In between my 27th and 28th birthdays I lost 23 pounds, put on more muscle than I'd ever had in my life, and regained my self confidence. I was about ten pounds from my goal when I became pregnant in October of 2007, and despite careful eating and exercising all the way in to week 38 of the pregnancy, I still gained 54 pounds. It was in the last two months of my pregnancy that I decided that I owed it to myself to work harder than I'd ever worked before to get in shape after baby arrived. It was time to see what I could do when I really tried, when I really believed in myself. Pregnancy showed me that my body was miraculous and could do amazing things. I want to see what else it is capable of.

So here I am. And I'm telling the world about it because I refuse to let myself off the hook. I want to be strong. I want to be fit. Before I was pregnant I could do pushups- real pushups, not girl pushups- for the very first time in my life. And I know I wasn't working nearly as hard as I could have been. What might I be capable of if I finally do?

My body made a person, and then pushed that person out. I'm pretty sure I can do just about anything now.

So gather 'round folks, and follow the tale of the lazy girl who loved pizza but became strong and fit anyway. Or perhaps, the tale of an angry woman who took solace in beer and deleted her blog before too many of her friends and family could see it.
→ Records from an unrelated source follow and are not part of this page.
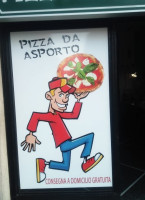 Mister Pizza food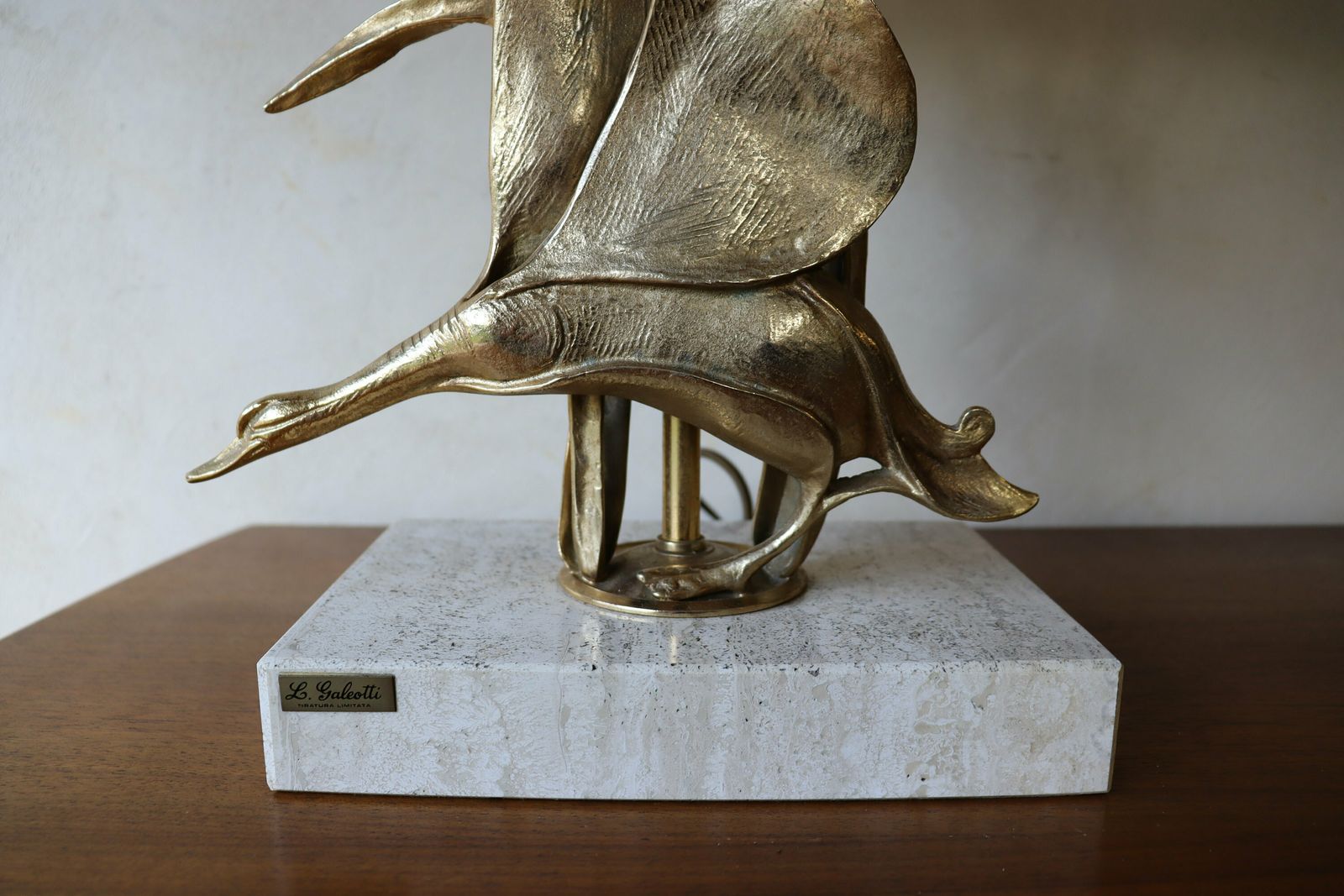 photo furniture Hollywood Regency Desk Or Table Lamp , Italian Design Vintage Brass Bird And Travertine By L. Galeotti 1970's (St.20)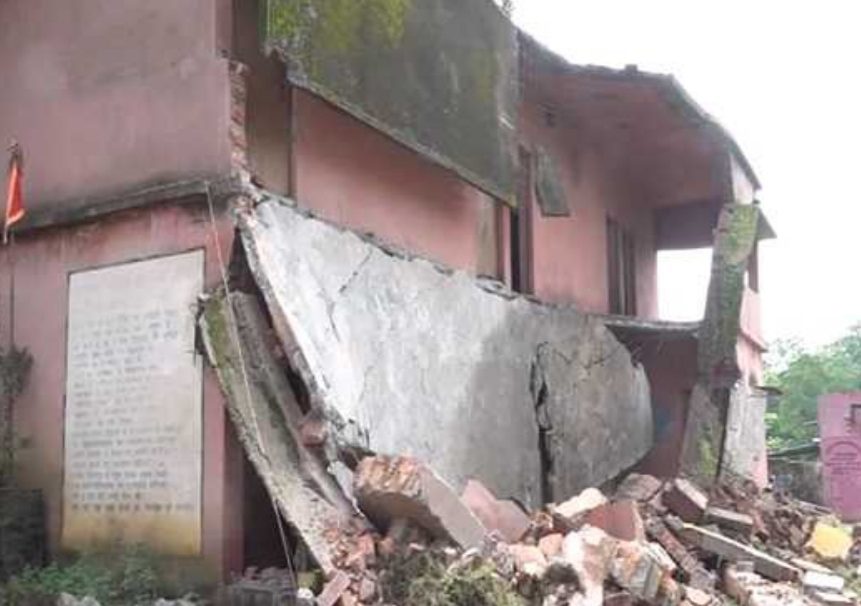 रांची में बंद पड़े स्कूल की छत गिरने से बुजुर्ग की मौत, दो घायल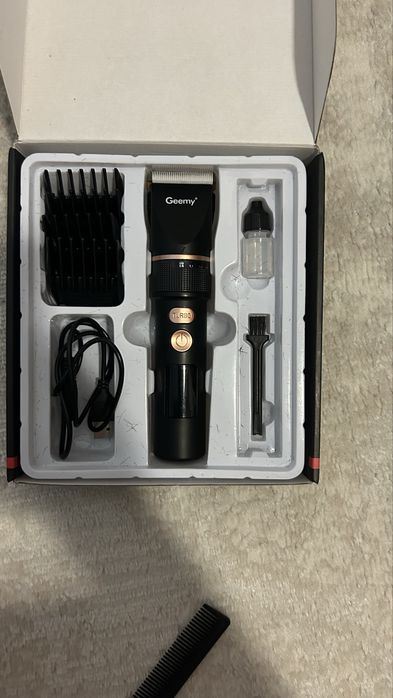 Продается машинка для стрижки волос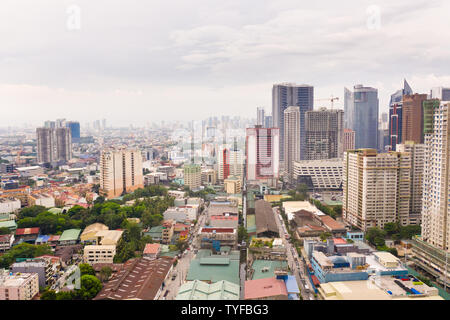 Die Stadt von Manila, die Hauptstadt der Philippinen. Moderne Metropole am Morgen, Ansicht von oben. Neue Gebäude in der Stadt. Panorama von Manila. Wolkenkratzer und Business Centers in einer großen Stadt. Stockfoto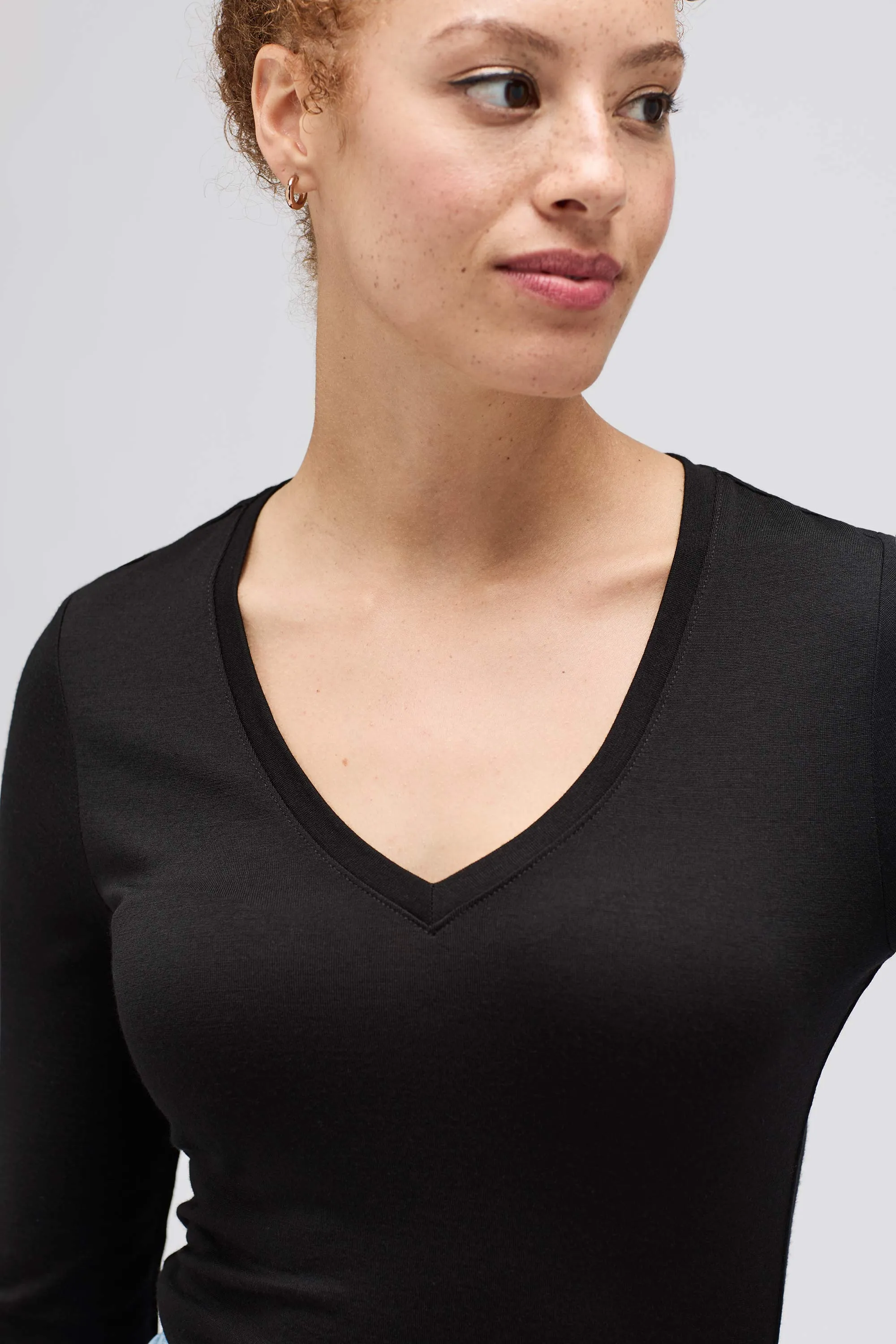 Women's Slim Merino Long Sleeve V-Neck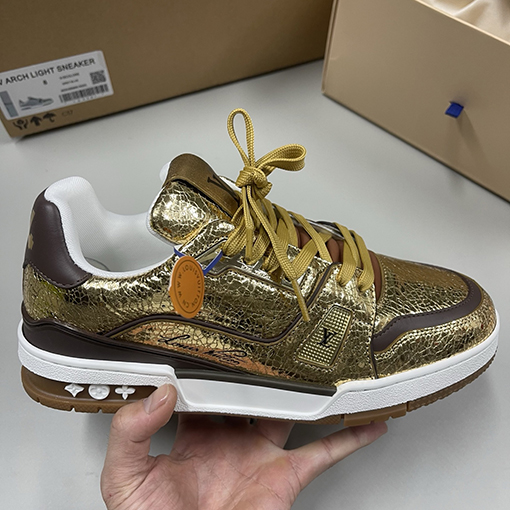 ルイヴィトンスーパーコピー LV Trainer Sneaker 新モデルカップルスニーカー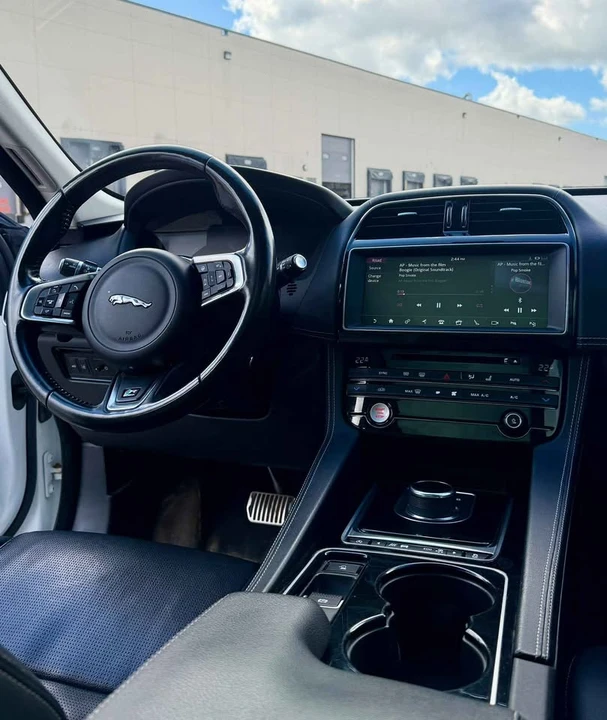 2017 Jaguar F-Pace - Image 8 of 14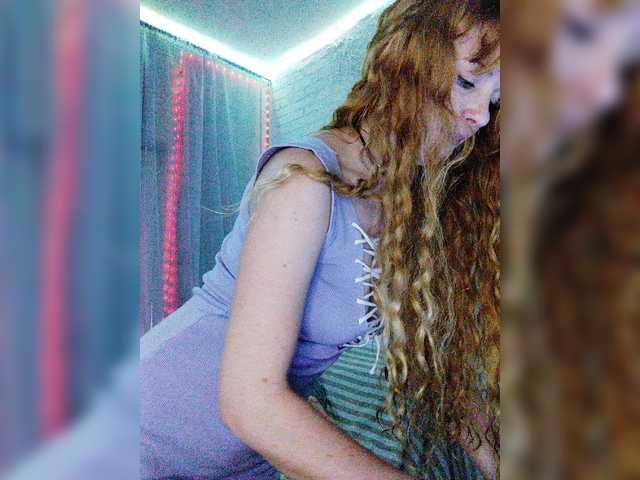 Fotografie Curlyhair65 Hello sweet)l missed) my lovense works from 1 too, favorite vibration 20 tok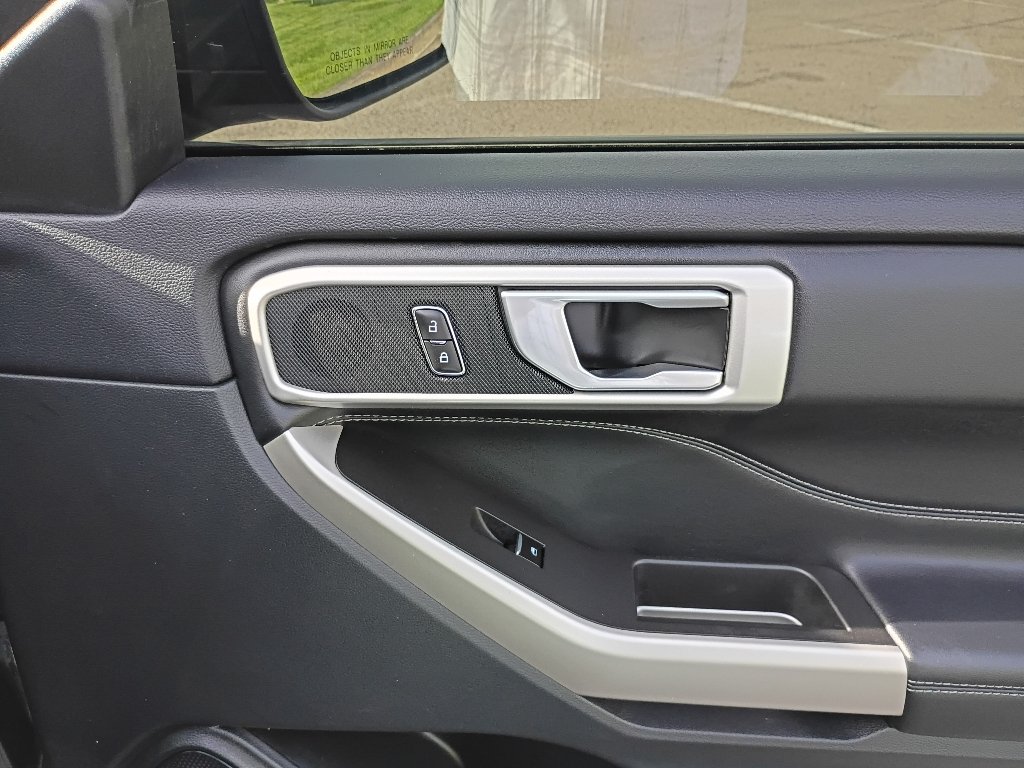 Used 2023 Carbonized Gray Metallic Ford XLT image 11
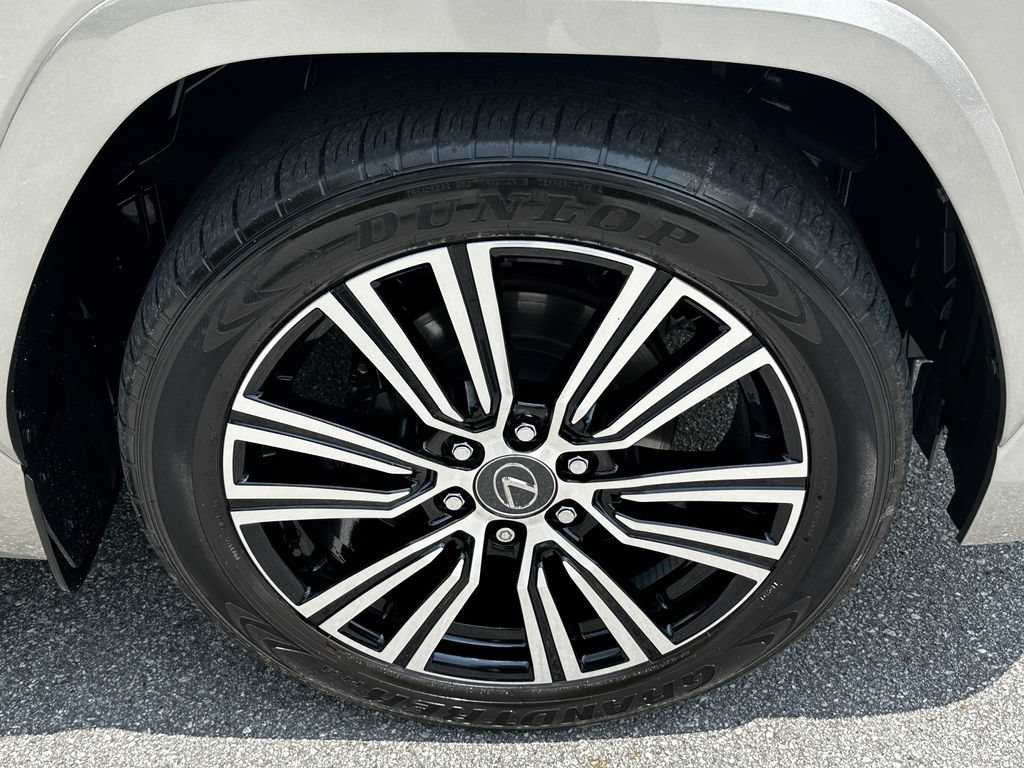 Used 2024 Lexus LX 600 4WD w/ Appearance Package image 14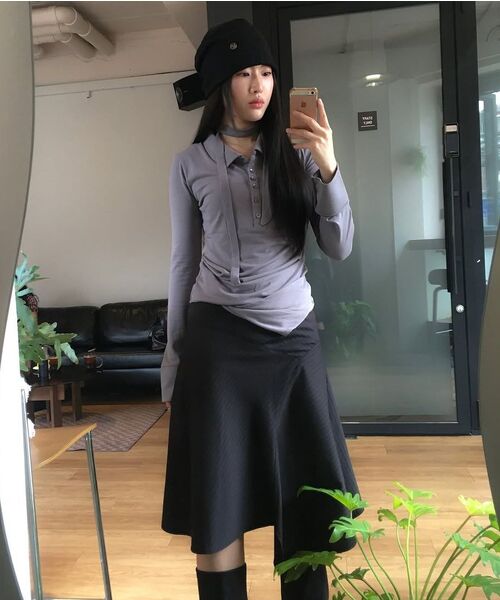 FLAREUP(フレアアップ)の「Asymmetrical Draped Shirt (FL-186_Black)(ポロシャツ・レディース・ブラック・1/2)」の7枚目の写真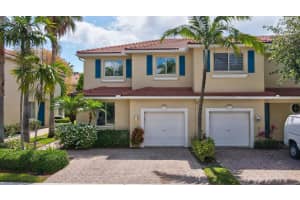 2785 S Evergreen Cir, Boynton Beach, FL 33426, Sold 06/03/21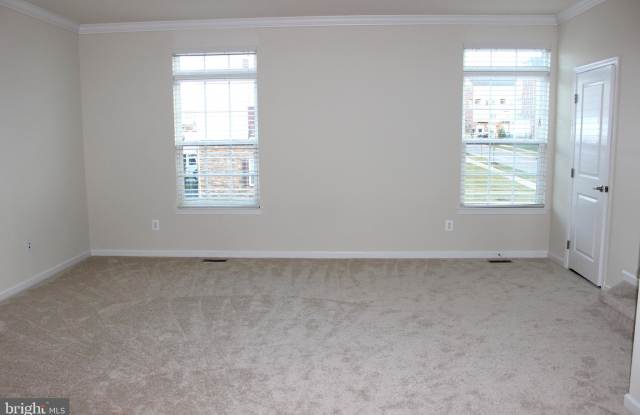 7022 DARBEY KNOLL DRIVE Gallery 3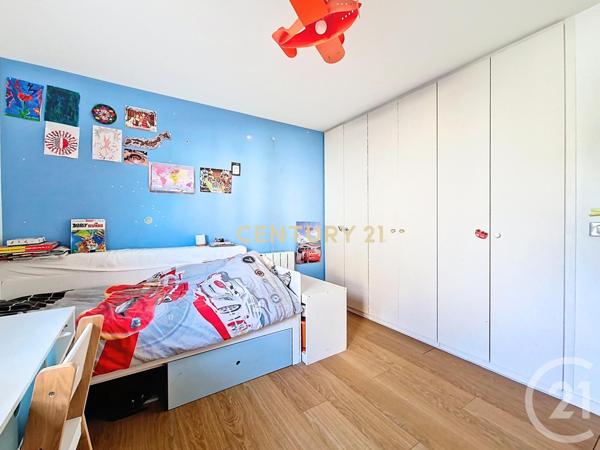 Appartement F5 à vendre  5 pièces - 96,64 m2 BOURG LA REINE - 92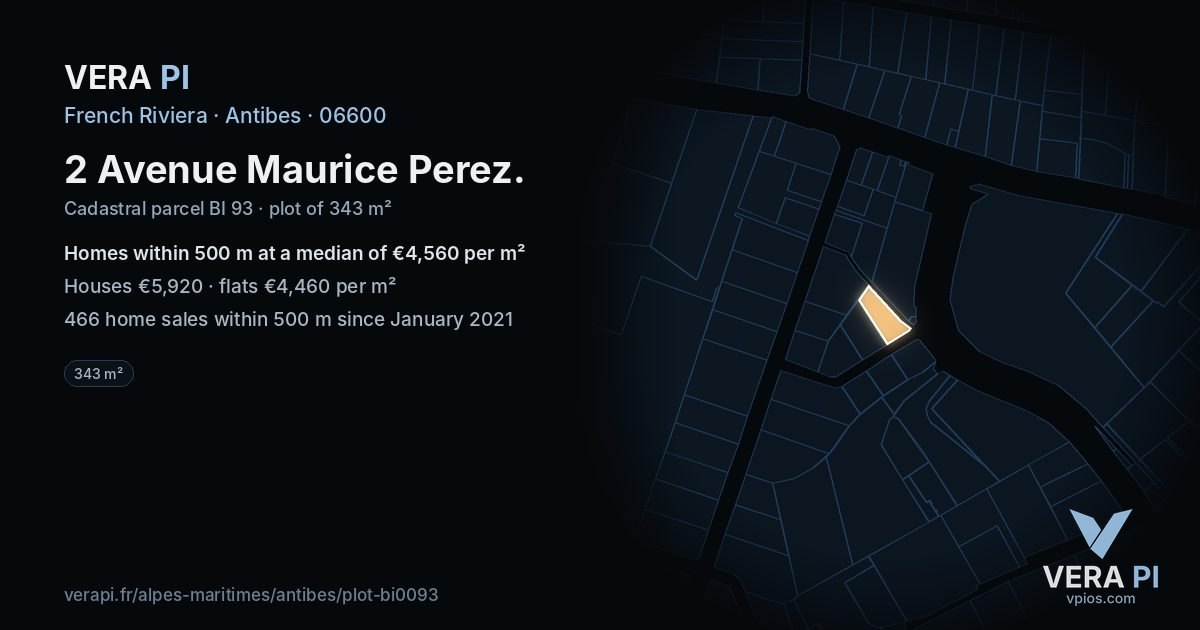 2 Avenue Maurice Perez, Antibes at night – the plot lit, the parcels around coloured by the prices near them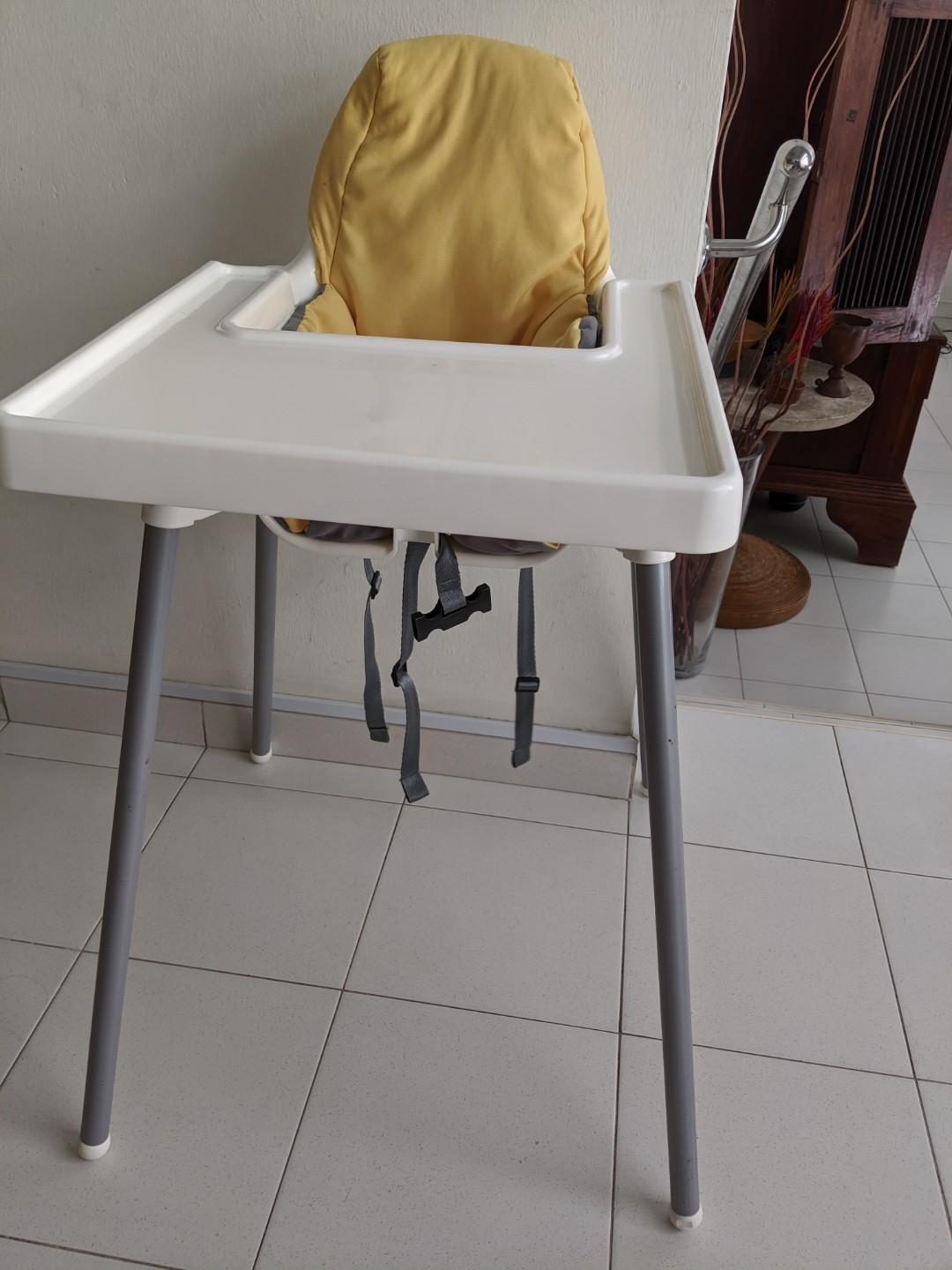 baby changing unit with storage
Either way, it should be interesting for at least a few minutes.

Just to prove how serious I am, I'm posting the picture of the skinny white designer jeans I bought at Saks 5th Avenue when I was nine months pregnant. This is it. No more excuses. No more wondering what I could be or could do if I really gave myself a fair chance. We're going balls to the wall here kids, and it's skinny jeans or die trying.

Or maybe I'll just find a really good tailor.